▸ **TASK DIRECTIONS**:
Retype the lines from the first one in the records down to the line containing "Villagers in Shaldon", counting both, and leave out any pictures.

▸ **PROVIDED RECORDS**:
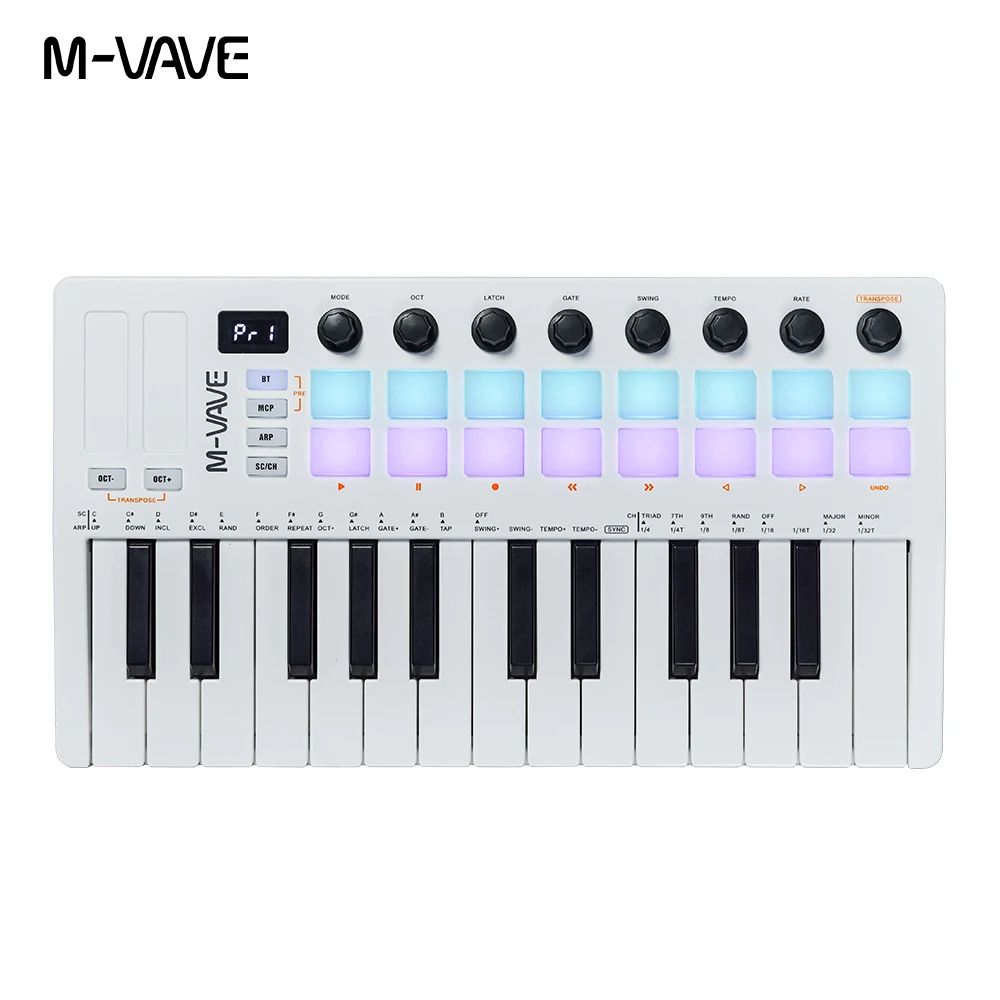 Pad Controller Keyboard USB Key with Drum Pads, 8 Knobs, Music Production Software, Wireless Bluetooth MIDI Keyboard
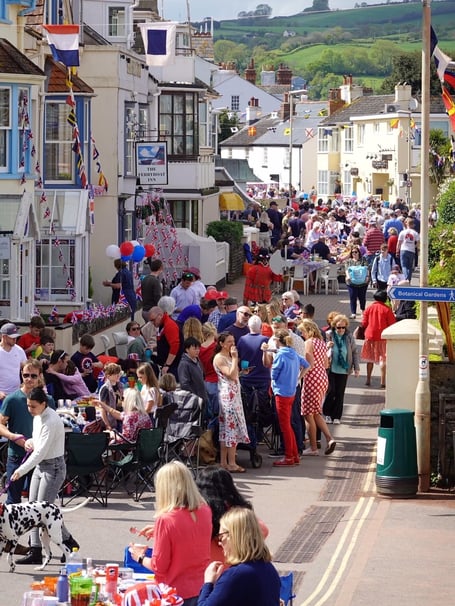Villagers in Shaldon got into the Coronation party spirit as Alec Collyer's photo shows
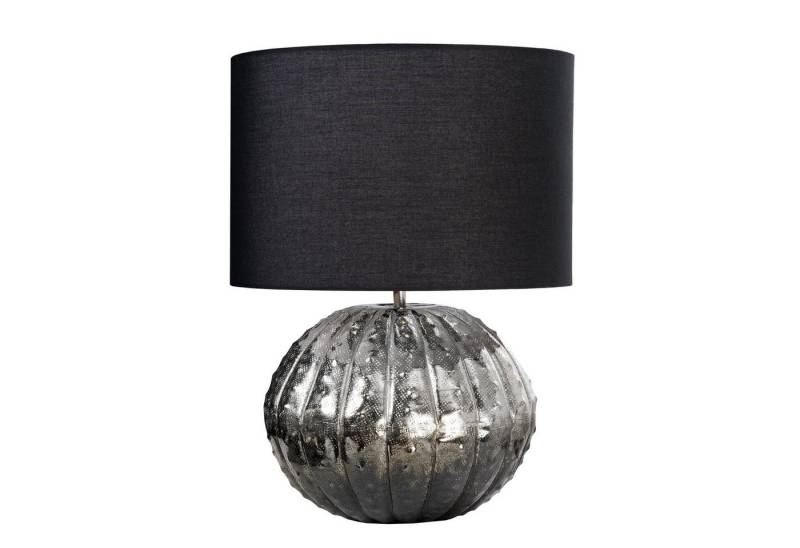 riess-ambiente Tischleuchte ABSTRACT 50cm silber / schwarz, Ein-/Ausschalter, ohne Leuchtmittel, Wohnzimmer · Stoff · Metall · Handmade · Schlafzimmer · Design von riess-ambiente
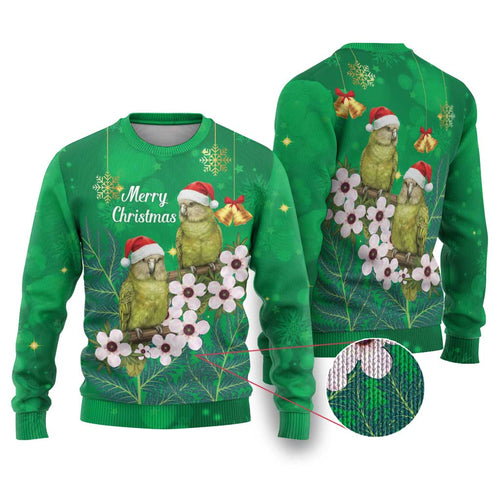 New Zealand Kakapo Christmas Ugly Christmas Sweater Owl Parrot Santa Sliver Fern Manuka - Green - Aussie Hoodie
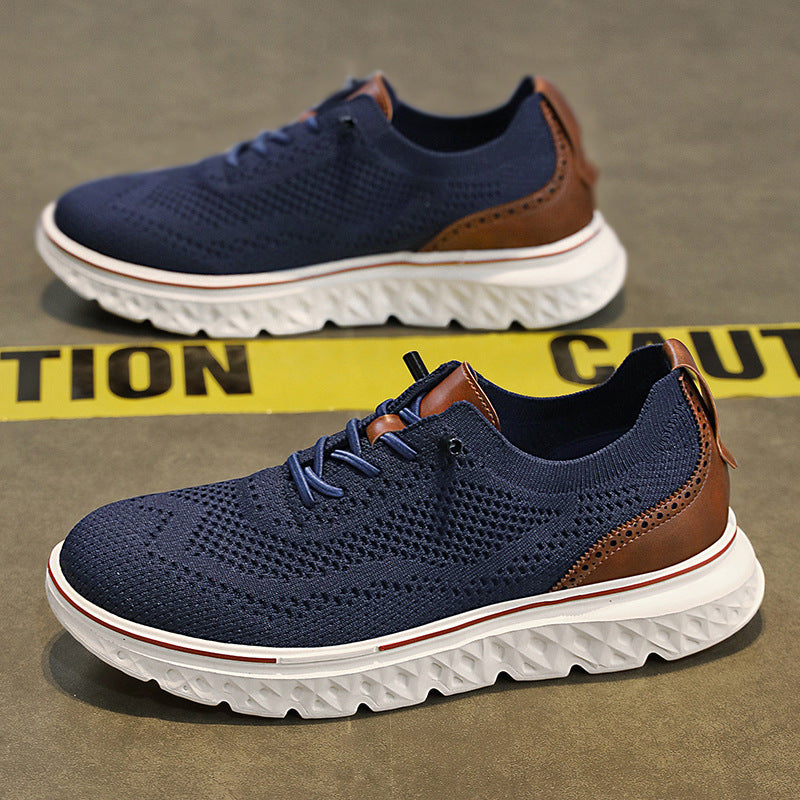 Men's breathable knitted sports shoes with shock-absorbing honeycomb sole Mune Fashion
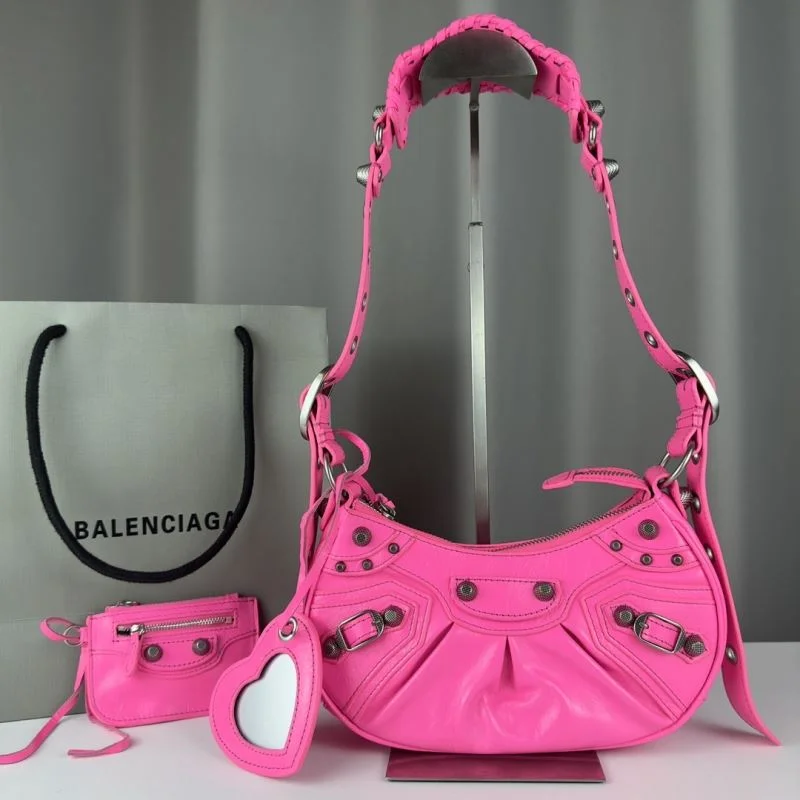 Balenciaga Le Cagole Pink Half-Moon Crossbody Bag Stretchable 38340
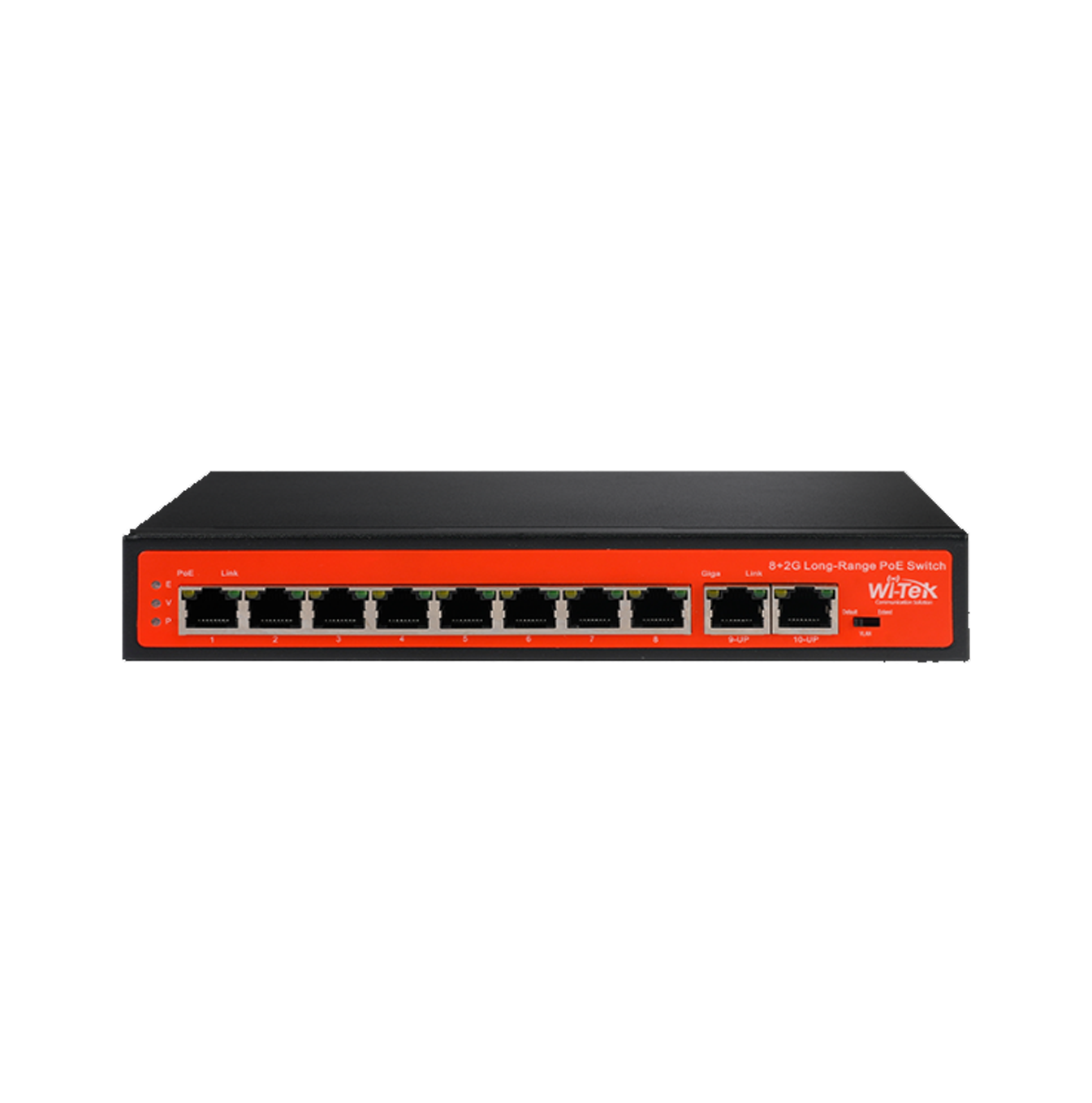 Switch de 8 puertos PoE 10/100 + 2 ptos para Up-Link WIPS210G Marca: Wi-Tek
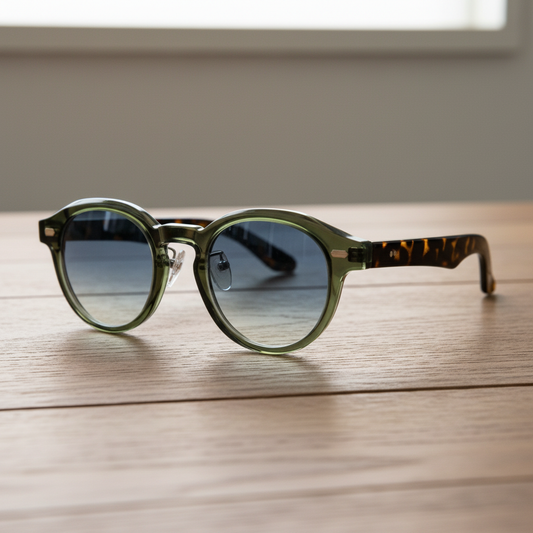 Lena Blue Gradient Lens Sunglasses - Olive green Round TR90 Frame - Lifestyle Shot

▸ **RESULT**:
 Pad Controller Keyboard USB Key with Drum Pads, 8 Knobs, Music Production Software, Wireless Bluetooth MIDI Keyboard
Villagers in Shaldon got into the Coronation party spirit as Alec Collyer's photo shows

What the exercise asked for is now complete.